A planet called GJ 1132b that sits just 39 light-years away from Earth probably has a thin, oxygen-filled atmosphere according to new research accepted for publication in The Astrophysical Journal.
The researchers think the planet has so much oxygen because it's orbiting so close to its host star. At just 1.4 million miles from the star, the planet gets bombarded with ultraviolet light. That UV light splits water molecules into hydrogen and oxygen. Hydrogen is light so it escapes out into space, but oxygen is heavier and remains in the atmosphere, according to the Harvard-Smithsonian Center For Astrophysics.
A sign of life? Unfortunately, in this case, the oxygen-rich atmosphere doesn't mean we should expect to find life there.
"On cooler planets, oxygen could be a sign of alien life and habitability. But on a hot planet like GJ 1132b, it's a sign of the exact opposite — a planet that's being baked and sterilized," Harvard astronomer Laura Schaefer said in a statement.
Researchers think it's possible that a giant pool of magma exists on the surface of the planet that absorbs some of the oxygen. Most of the rest of the oxygen eventually gets heated and radiates into space.

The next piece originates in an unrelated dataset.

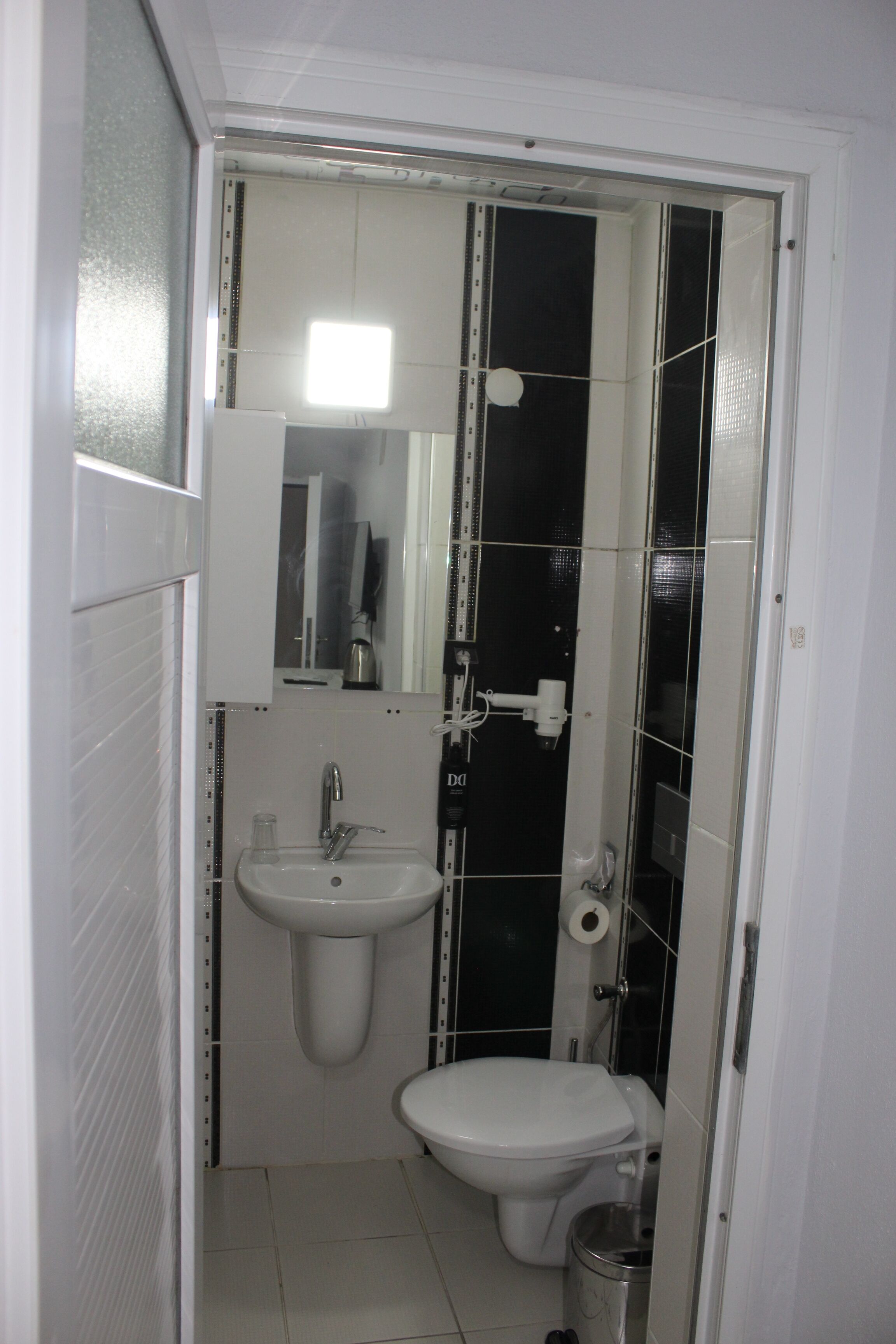 Chambre, balcon | Salle de bain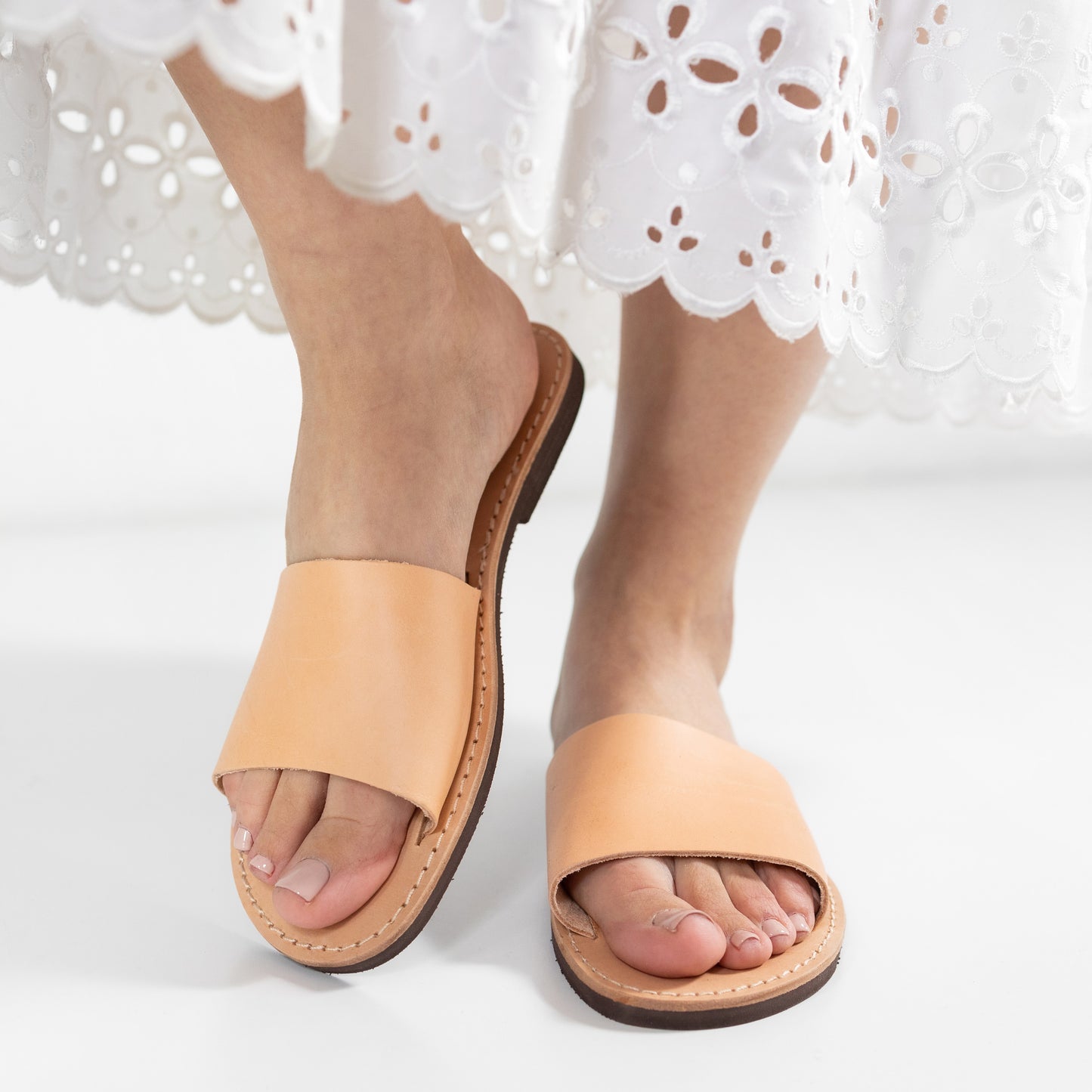 Θήβη sandals (beige)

What does it mean? Even though the cycle of oxygen on GJ 1132b isn't conducive to life, the discovery is still a big deal.
"This planet might be the first time we detect oxygen on a rocky planet outside the solar system," co-author Robin Wordsworth said in the statement.
If there is oxygen on the planet, we might be able to detect it with larger telescopes that are under construction right now.